I'm led to believe that the physical dimensions of a new 250 Gb drive would not be a preventive issue.


----------



## ElDiabloConCaca (Apr 5, 2008)

There is no maximum size.  As long as they make it, you can use it.

Ok, actually, that's not _entirely_ accurate.  You can address a total of something like 144 petabytes, which is thousands of times larger than any hard drive currently on the market.

The only effect of going from a 5400 rpm drive to a 7200 rpm drive is reduced hard drive access times... which is a good thing.
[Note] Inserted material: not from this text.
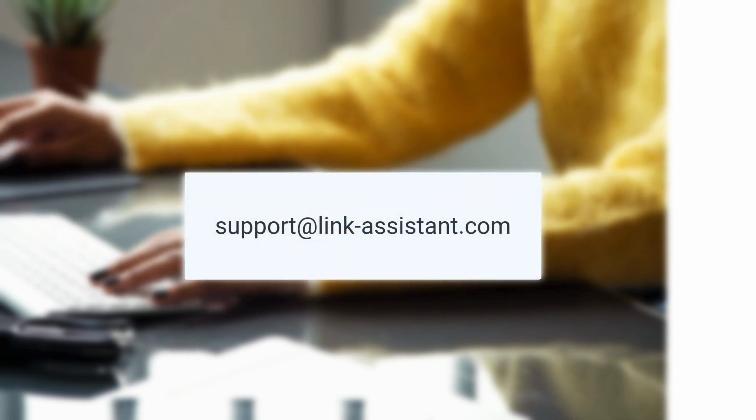As always, we'll be happy to hear your feedback. Just drop us a line at support at link-assistant.com.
The 250GB drives on the market today are identical in size and shape to your current hard drive.


----------



## eric2006 (Apr 5, 2008)

The eMac uses a standard desktop 3.5" hard drive in addition to the above.


----------



## DeltaMac (Apr 5, 2008)

These days, a standard desktop hard drive is SATA, and you can't use SATA. You will need ATA (or PATA) when you shop for a replacement drive for your eMac.


----------



## LeoTheLion89 (Feb 7, 2012)

i just bought a eMac 1.0GHz and waiting for delivery i was told all it has is a cd-rom drive i have several cd burner and dvd drives around all which are IDE can i use one of these? Or do i need a Apple drive i read any drive will work but will any drive boot media?


----------



## LeoTheLion89 (Feb 8, 2012)

apple specs say up to 160gb


----------



## DeltaMac (Feb 8, 2012)

That's just the largest that came with an eMac originally.
You can use whatever is the largest PATA hard drive, if you like.
I have a 250GB in my eMac.
There is no particular limit for the capacity of the drive that you could use, except you would be limited to what's available. There's not much larger than 320 GB now for PATA drives.


----------



## LeoTheLion89 (Feb 8, 2012)

i could just use a SATA Drive with a SATA to IDE Converter board


----------



## DeltaMac (Feb 8, 2012)

Yes, if it will fit. There's not a huge amount of extra space around the hard drive connectors.


----------



## LeoTheLion89 (Feb 8, 2012)

can eMac use ssd via ide to compact flash adaptor?


----------



## LeoTheLion89 (Feb 8, 2012)

if so what size of cf card should i get?


----------



## DeltaMac (Feb 13, 2012)

If you use a CF card reader, I suppose the card capacity depends on what you want to store on that card.
But then, I don't really understand what you are asking in your post #10
SSD through IDE to CF ? Do you have a link to a site that would have something like that?


----------